Please print the full listing below exactly, but not the pictures in it.

### Data segment ###

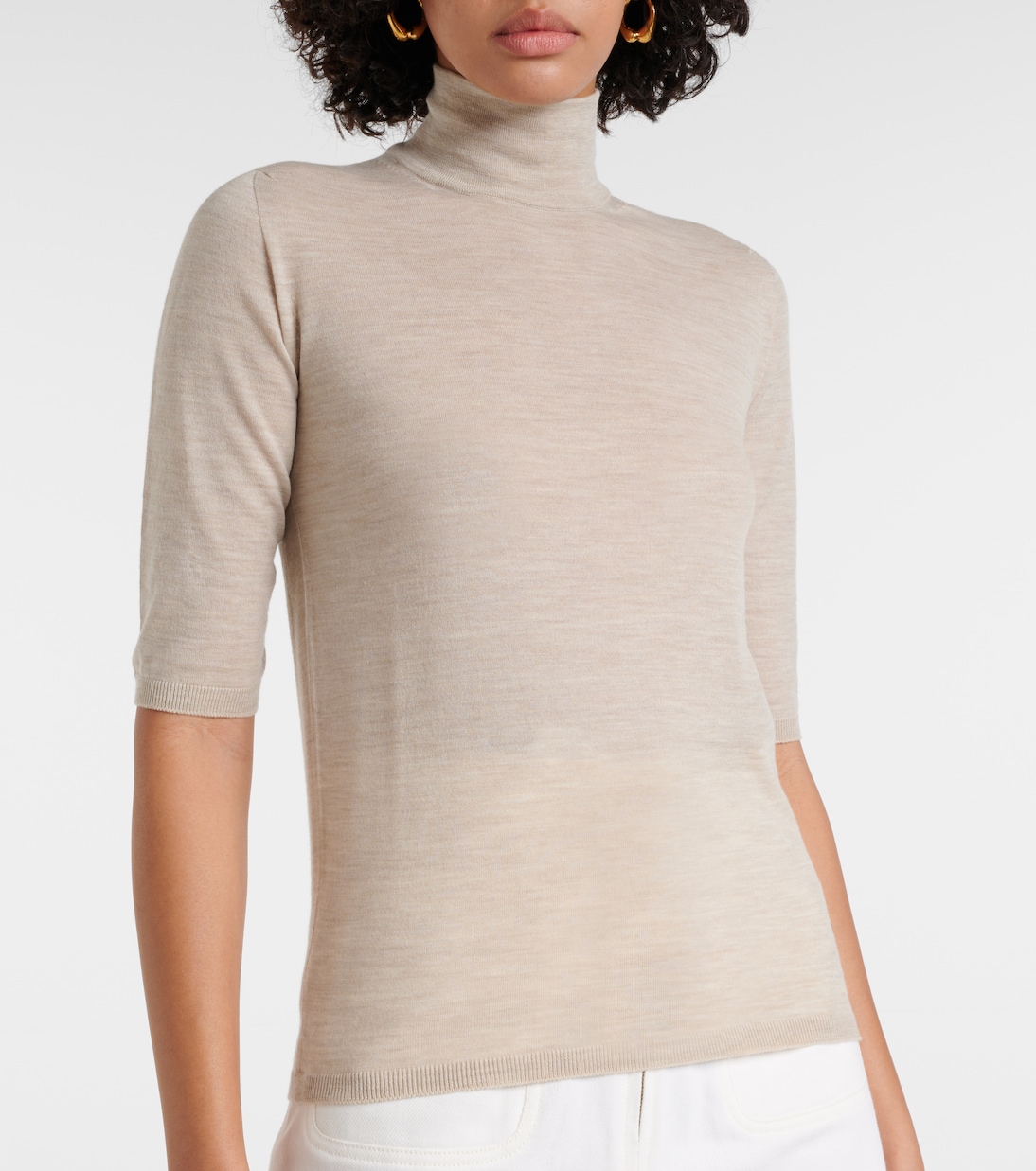 Rollkragenpullover Cecina aus Schurwolle | Max Mara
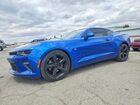 2016 Chevrolet Camaro Ss Blue vin: 1G1FH1R70G0141940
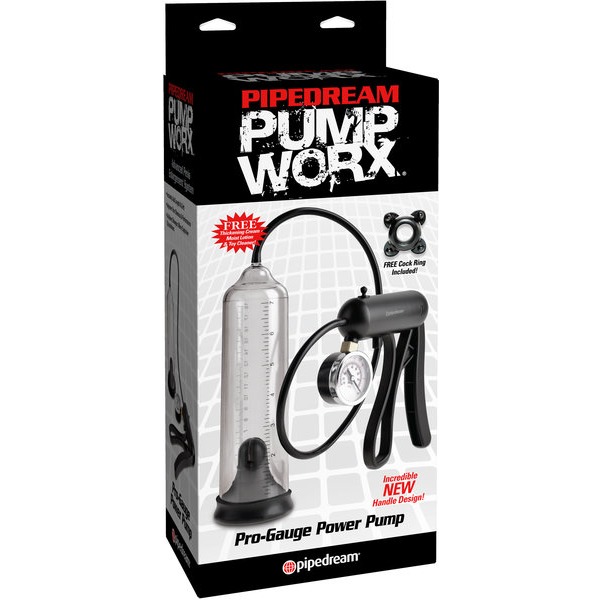 Pump Worx Pro-gauge Power Pump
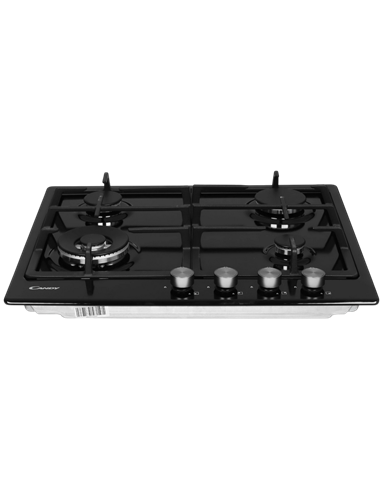 Plită pe gaz Candy CHG6BF4WPBB, Negru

###

▶ [Task answer]:
 Rollkragenpullover Cecina aus Schurwolle | Max Mara
 2016 Chevrolet Camaro Ss Blue vin: 1G1FH1R70G0141940
 Pump Worx Pro-gauge Power Pump
 Plită pe gaz Candy CHG6BF4WPBB, Negru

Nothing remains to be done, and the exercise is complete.